German photojournalist
Anja Niedringhaus (12 October 1965 in Höxter; died 4 April 2014 in Khost Province, Afghanistan) was a German photojournalist. She worked for the European Pressphoto Agency and later for the Associated Press. Her photographs were made in the Balkans, Iraq, Afghanistan, Pakistan, Gaza, Israel, Kuwait and at international sports events.
Niedringhaus began taking photographs early. As a teenager she worked as a freelancer for a local newspaper in Höxter. In 1990, she became a photographer for the European Pressphoto Agency in Frankfurt. One of her early assignments took her to the fall of the Berlin Wall; afterward, her work moved increasingly toward international news photography.
For EPA, Niedringhaus reported from southeastern Europe during the 1990s. She photographed in Albania, Bosnia, Croatia, Kosovo, Macedonia and Serbia. Those years made her familiar with work in contested regions, and with looking at people who experienced daily life, loss, flight and brief moments of normality in such circumstances.
In 2002, Niedringhaus joined the Associated Press and worked from Geneva as a travelling photographer. She photographed in the Middle East, Afghanistan and Pakistan, while also covering sports. AP cited nine Olympic Games and other international sports events as part of her work. That range became part of her profile: political violence, civilian life and athletic concentration appeared side by side.

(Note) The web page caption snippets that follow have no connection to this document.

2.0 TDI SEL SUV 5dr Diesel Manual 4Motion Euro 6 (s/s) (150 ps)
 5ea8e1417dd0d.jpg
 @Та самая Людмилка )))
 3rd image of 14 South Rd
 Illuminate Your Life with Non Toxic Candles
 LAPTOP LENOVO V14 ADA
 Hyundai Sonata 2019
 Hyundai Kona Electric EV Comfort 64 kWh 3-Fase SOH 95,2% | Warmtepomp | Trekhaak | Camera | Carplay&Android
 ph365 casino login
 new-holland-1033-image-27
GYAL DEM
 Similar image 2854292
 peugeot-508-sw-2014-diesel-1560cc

In 2005, Niedringhaus was part of the AP team that received the Pulitzer Prize for Breaking News Photography for coverage from Iraq. The same year, the International Women's Media Foundation honoured her with the Courage in Journalism Award; later she became a Nieman Fellow at Harvard University. The IWMF also runs the Anja Niedringhaus Courage in Photojournalism Award, named for her.
On 4 April 2014, Anja Niedringhaus and AP correspondent Kathy Gannon were in Khost Province reporting on preparations for Afghanistan's presidential election. While both were sitting in a car, an Afghan policeman opened fire. Niedringhaus was killed and Gannon was seriously wounded. Anja Niedringhaus was 48.